The feeling that Crystal Palace were on the cusp of something special had been growing among the camp. And as Bright referenced, the semi-final win against Liverpool had been a source of great excitement among a promising Eagles team that had been promoted to the top flight a season earlier.
The win against Anfield’s finest was even more notable because it was the first time the BBC had shown the semi-finals live back-to-back, with Crystal Palace’s tie followed by Manchester United’s clash with Oldham. And it was widely assumed Liverpool’s all-conquering title winners would steam roller their way through, just as they had when they thrashed the Eagles 9-0 earlier that season.
“They [Liverpool] were so good then with the players they had, it was just a unique experience,” Bright recalls.
“We celebrated like we’d won the cup, although we knew we’d got one game to go. But it’s very difficult not to over celebrate considering the task we’d got in front of us, beating the best team in the league.
“We had Wrighty sitting on the side, so we played 4-5-1 and went man to man at the back with one spare and I played up front on my own. We managed to pull off one of the greatest games we’ve been involved in, a bit like Palace beating Liverpool now in a semi-final.”
Despite the final disappointment, that FA Cup run wouldn’t be the zenith for that Crystal Palace side. The following year, that side – which boasted the likes of future England manager Gareth Southgate, Alan Pardew and a young Stan Collymore – came third in the league, only missing out on European qualification due to English clubs being banned following the Heysel Stadium disaster.

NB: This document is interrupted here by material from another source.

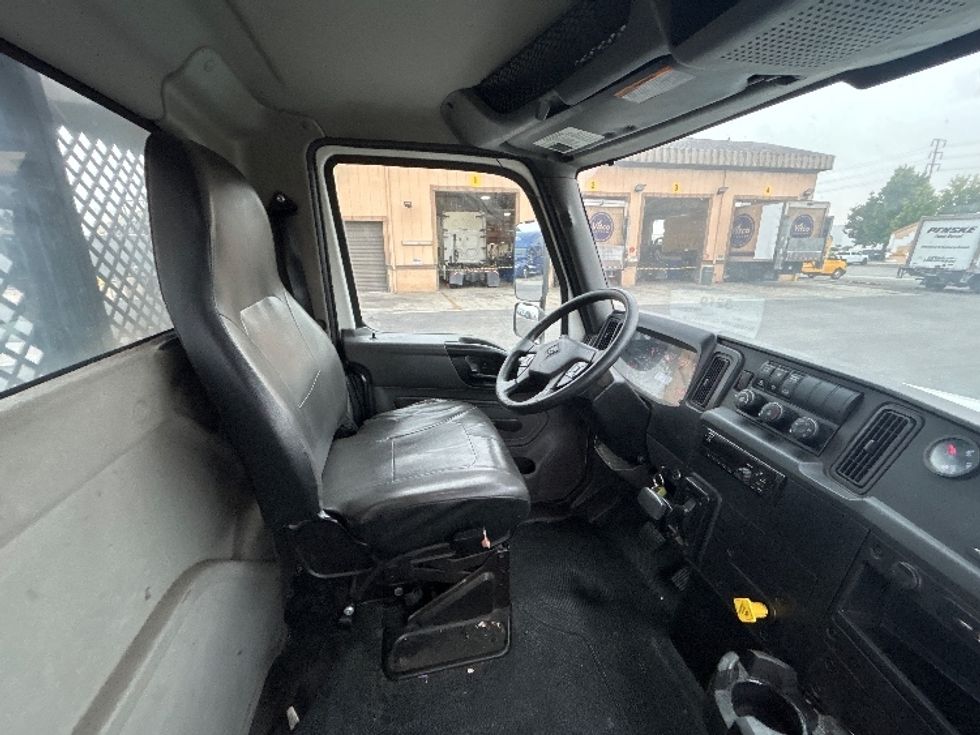 Flatbed Truck-Light and Medium Duty Trucks-International-2020-MV607-Fontana-CA-235,510\n\t\tmiles-$ 34,750 - Image 22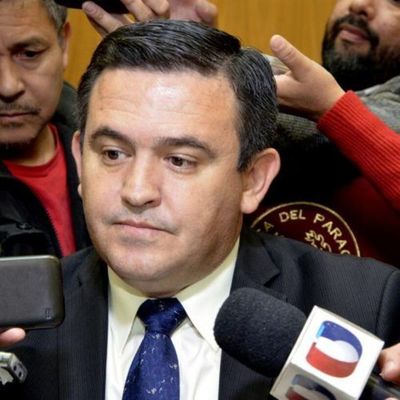 Petta amenaza al Congreso con un paro docente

Spearheading their charge up the league were the famous Bright and Wright partnership, which saw both striker net in excess of 90 goals each across a five-season spell working in tandem. But as Bright recalls, it didn’t happen by accident.
“I went there [Palace] in November  and from then until the end of the season I scored seven and Wrighty scored eight – and we said: ‘That’s not good enough. If we think we’re elite players and we think we can play in the First Division, we have to work hard and try to get our partnership together working’,” Bright explains.
“Everybody added a little bit to what we had and you have to perfect it. When we got on the pitch, there was just certain things he knew I was going to do and I knew he was going to do. He would sit it up to the far post and I would slide it into the six-yard box for him to slide on and tap in.
“A lot of hard work went on behind the scenes, but on the big stage and on the pitch on the Saturday, that’s where it all came out. Everybody was like ‘wow, that’s telepathic’ but there’s just a lot of hard work went into it.
“You have to remember he scored over 100 goals and I scored over 100 goals in five seasons and I was six. There were only a few goals between us and we averaged 19 goals a season each for five seasons, which is incredible.”
Wright’s departure to Arsenal in 1991 closed that chapter as Palace’s great side slowly dissipated. However, the partnership is still revered by the Selhurst Park faithful today.
By today’s standards, the numbers the duo chalked up would mark them out as a duo to keep together, but as Bright explains, the idea of a fruitful strike partnership back in that era wasn’t uncommon – meaning he followed his own path by moving to Sheffield Wednesday in ’92.
“If you said we’re both going to sign two strikers and they’re both going to score 20 goals a season for the next five season, everybody would say ‘unbelievable, delighted’,” he adds.
“But at that stage, there were so many great partnerships around: Dalglish and Rush, Sharp and Gray, Sheringham and Cascarino, Cottee and McIvanney. You could go to any club and both of the players scored goals, that’s what you had to do or you were out.”
Thankfully for Bright, he could cut it. Even if that FA Cup Final in the summer of 1990 didn’t go his way.